Éoliennes au Centre-du-Québec : le courant ne passe pas partout

Éoliennes au Centre-du-Québec : le courant ne passe pas partout
La contestation citoyenne bat encore son plein dans la MRC de Nicolet- Yamaska : une autre pétition majoritaire remet en question l’acceptabilité sociale du projet.

Nicolet / Yamaska

La contestation citoyenne bat encore son plein dans la MRC de Nicolet-Yamaska : une autre pétition majoritaire remet en question l’acceptabilité sociale du projet.

Éoliennes @ Crédit photo Eric Beaupré / Vingt55 Tous droits réservés.

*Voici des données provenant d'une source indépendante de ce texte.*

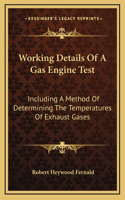 Working Details Of A Gas Engine Test: Including A Method Of Determining The Temperatures Of Exhaust Gases(English)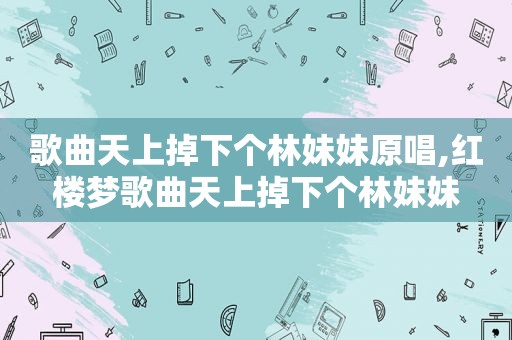 歌曲天上掉下个林妹妹原唱,红楼梦歌曲天上掉下个林妹妹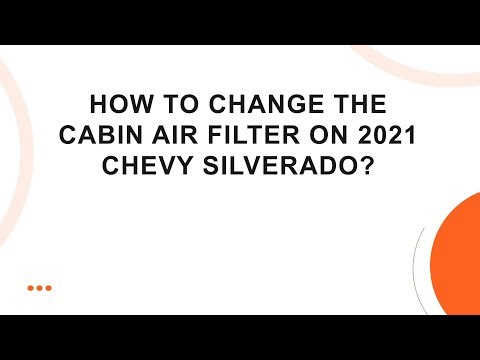 How to change the cabin air filter on 2021 Chevy Silverado?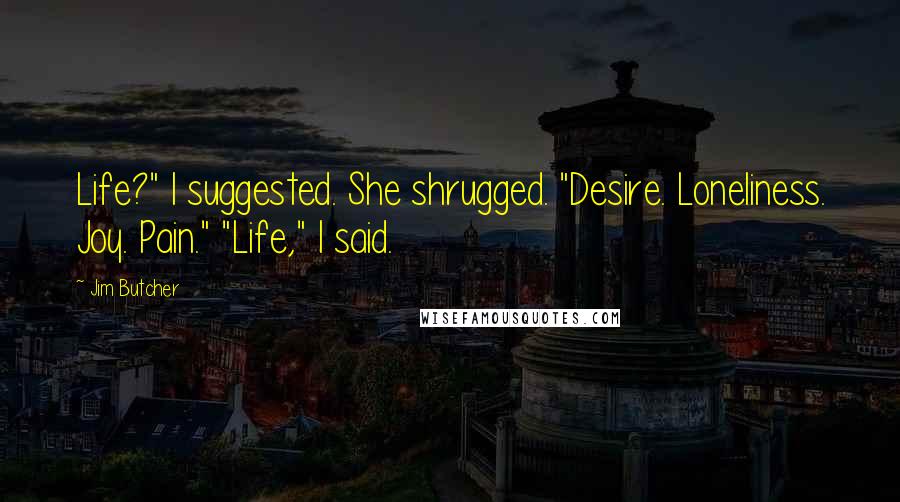 Jim Butcher Quotes: Life?" I suggested. She shrugged. "Desire. Loneliness. Joy. Pain." "Life," I said.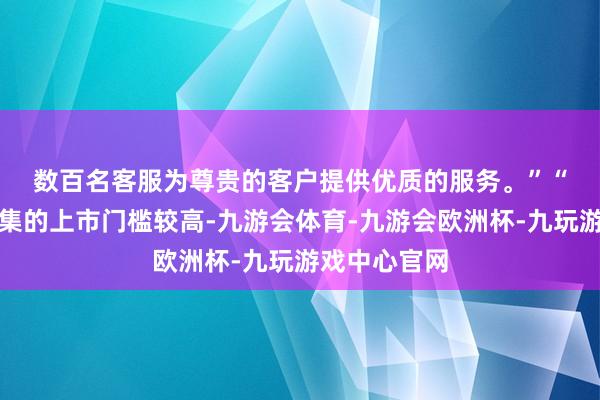 数百名客服为尊贵的客户提供优质的服务。”　　“内地老本市集的上市门槛较高-九游会体育-九游会欧洲杯-九玩游戏中心官网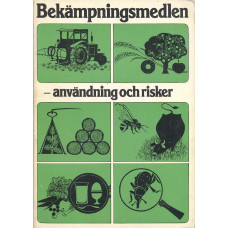 Bekämpningsmedlen
Användning och risker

Des citoyens choqués par l’attitude de leur municipalité

Une pétition de plus de 210 signatures contre le projet éolien a été déposée au bureau municipal de Grand-Saint-Esprit ce matin. Selon Jean-François Brunelle, un des signataires de la pétition, « l’acceptabilité n’est clairement pas au rendez-vous. Pourtant, le maire avait mentionné au départ qu’il n’irait pas de l’avant avec le projet éolien si 30 % des gens étaient contre. Plus tard, il a dit à plusieurs citoyens qu’à 40 % d’opposition, ce projet ne se réaliserait pas. Ensuite, il a avancé à des citoyens qu’il n’irait pas de l’avant si 200 personnes étaient en défaveur. Tous ces critères ont été rencontrés, mais le conseil a fait fi de l’opinion de ses citoyens et a choisi de poursuivre les démarches pour que le projet avance. »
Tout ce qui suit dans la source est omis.